**BRIEF:**
Below are the records; return exactly the lines from the one with "YOURS Curve Black Textured Diamante T-Shirt" through the final line, both included, minus any pictures.

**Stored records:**
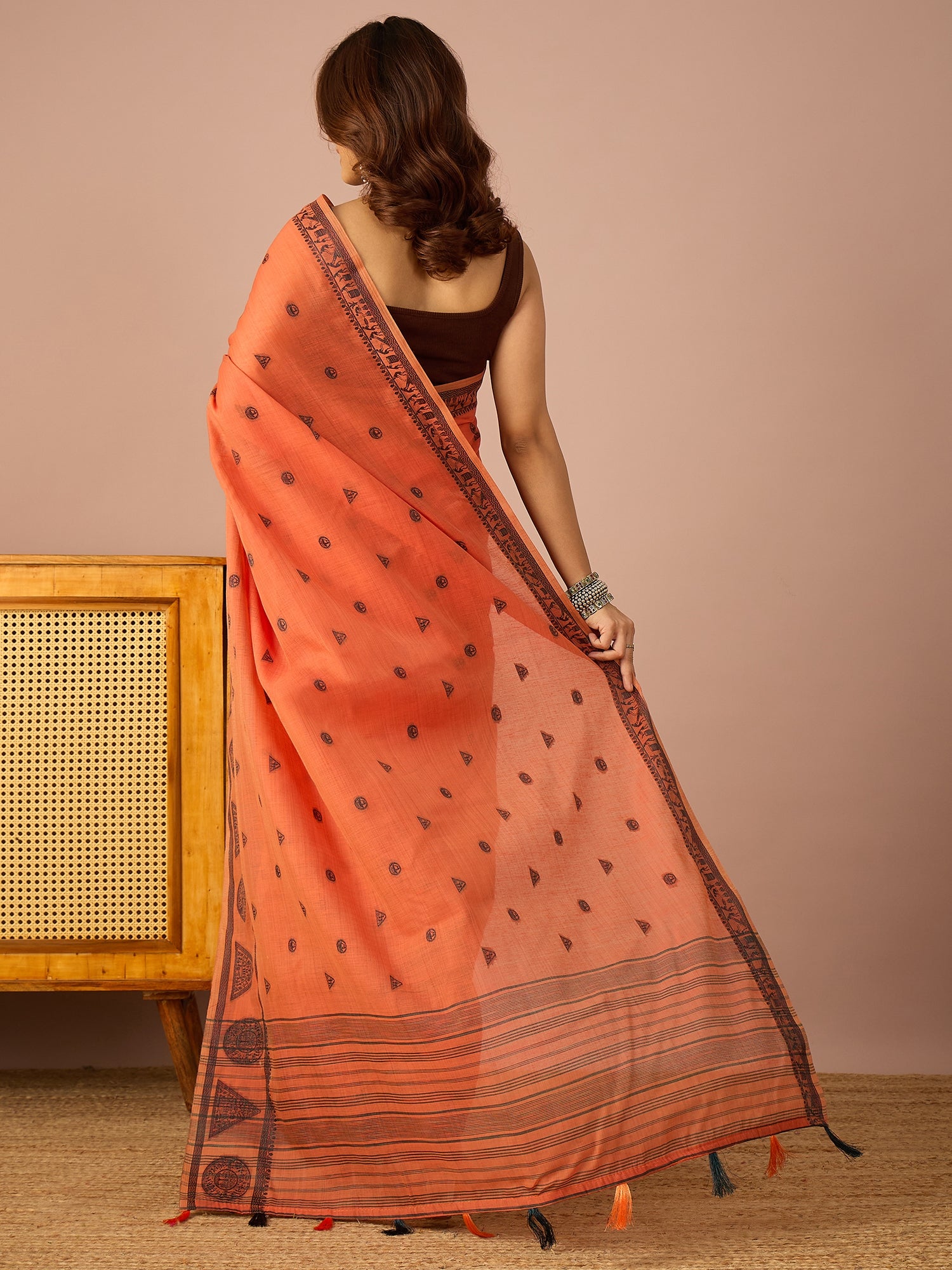 Dark Peach Saura Art Cotton Saree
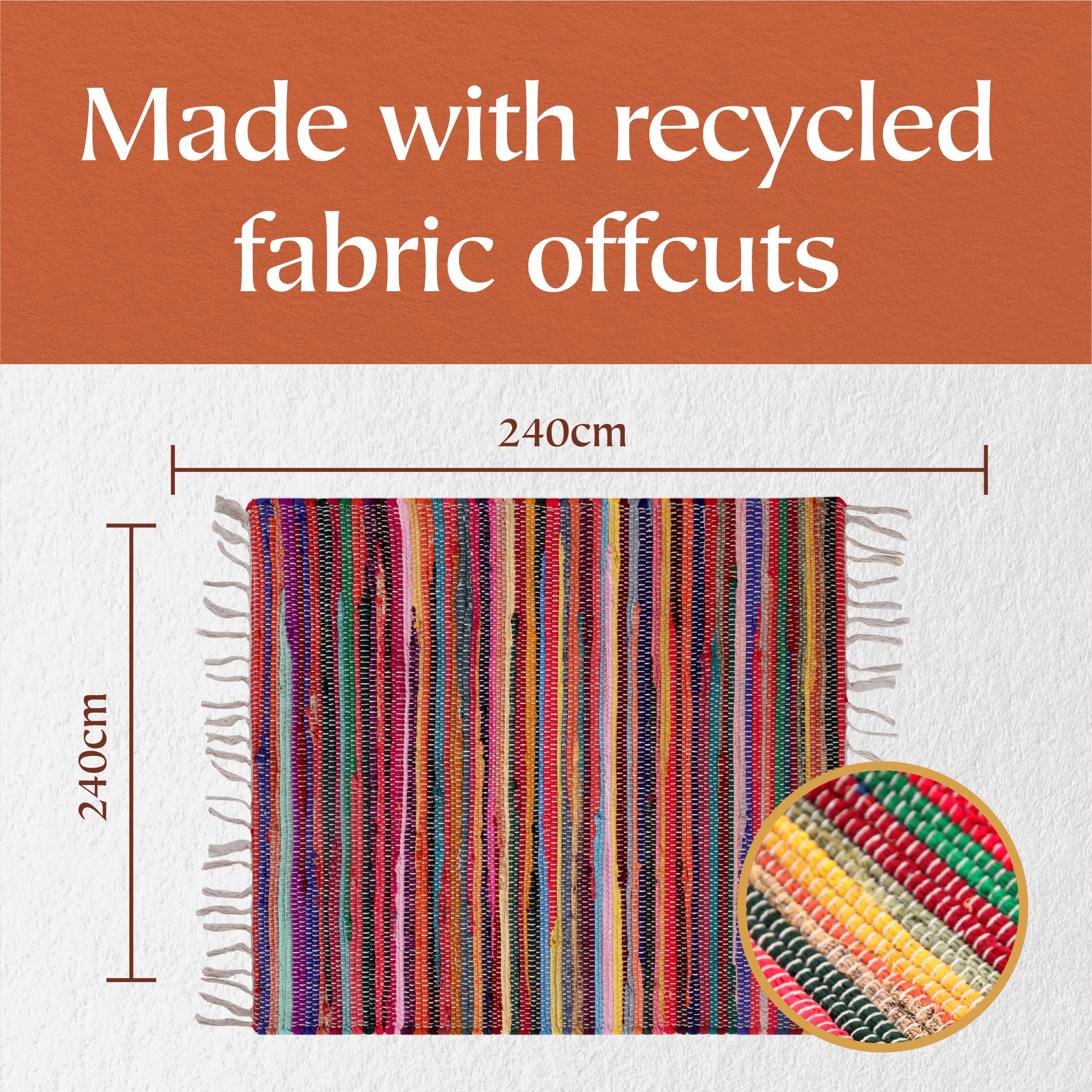 Shanti Multi-Coloured Hand Woven Recycled Rag Rug | 240x240cm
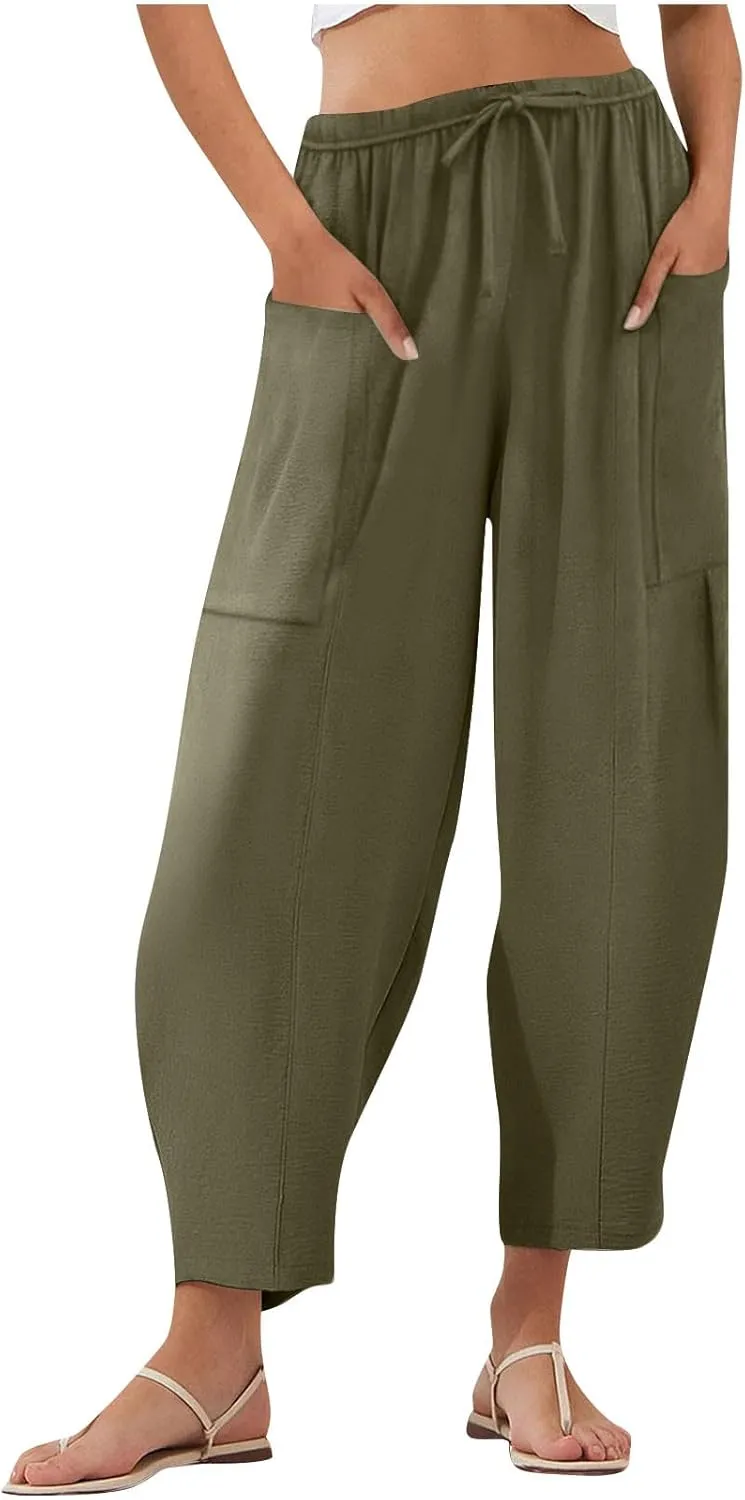 Womens Cotton Linen Pants with Front Pockets Summer Straight Leg Cropped Trousers Casual Comfy Capri Pant Solid Color
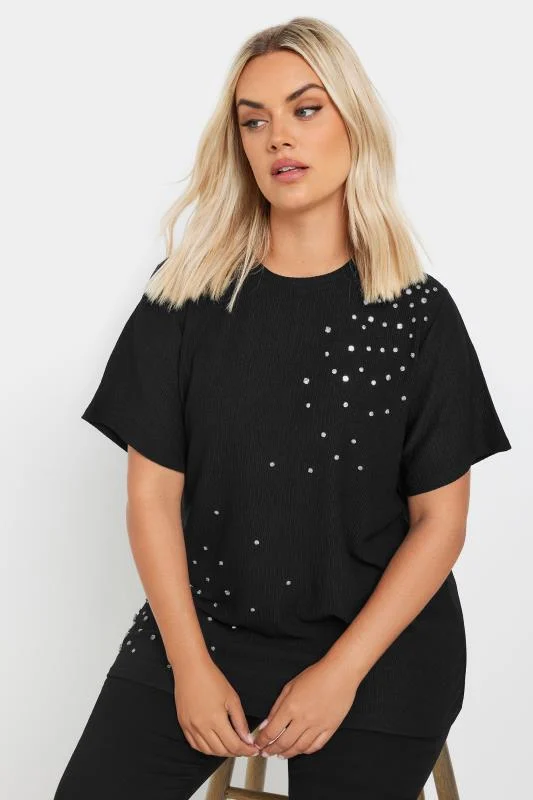 YOURS Curve Black Textured Diamante T-Shirt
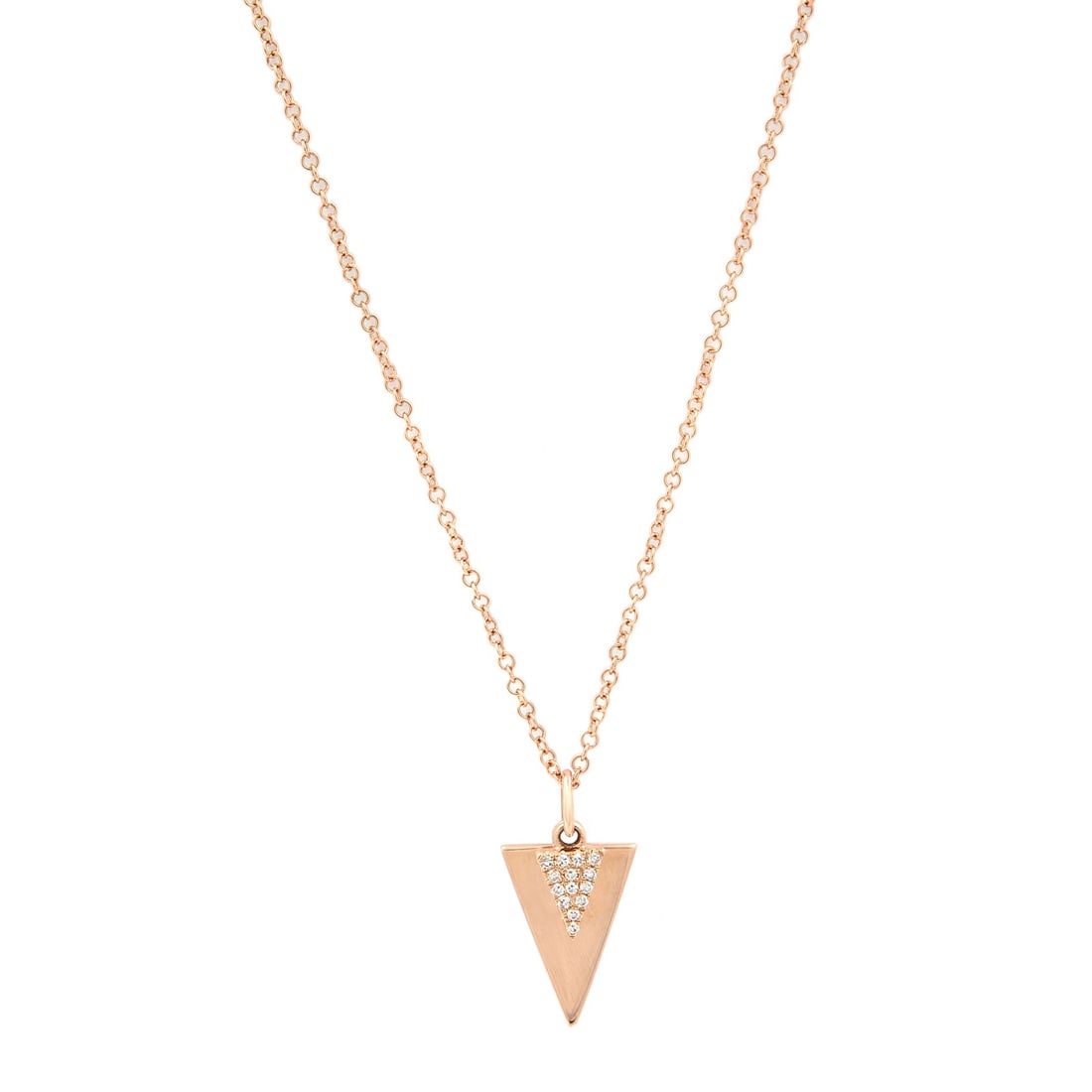 Rachel Koen 14K Rose Gold Diamond Triangle Pendant Necklace 0.03Cttw (1 of 6)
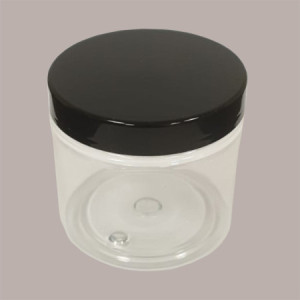 Vaso Barattolo Pet Trasparente 200 Ml + Coperchio Nero Lucido Ideale per Gelato 10 pezzi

**FINISHED EXERCISE:**
 YOURS Curve Black Textured Diamante T-Shirt
 Rachel Koen 14K Rose Gold Diamond Triangle Pendant Necklace 0.03Cttw (1 of 6)
 Vaso Barattolo Pet Trasparente 200 Ml + Coperchio Nero Lucido Ideale per Gelato 10 pezzi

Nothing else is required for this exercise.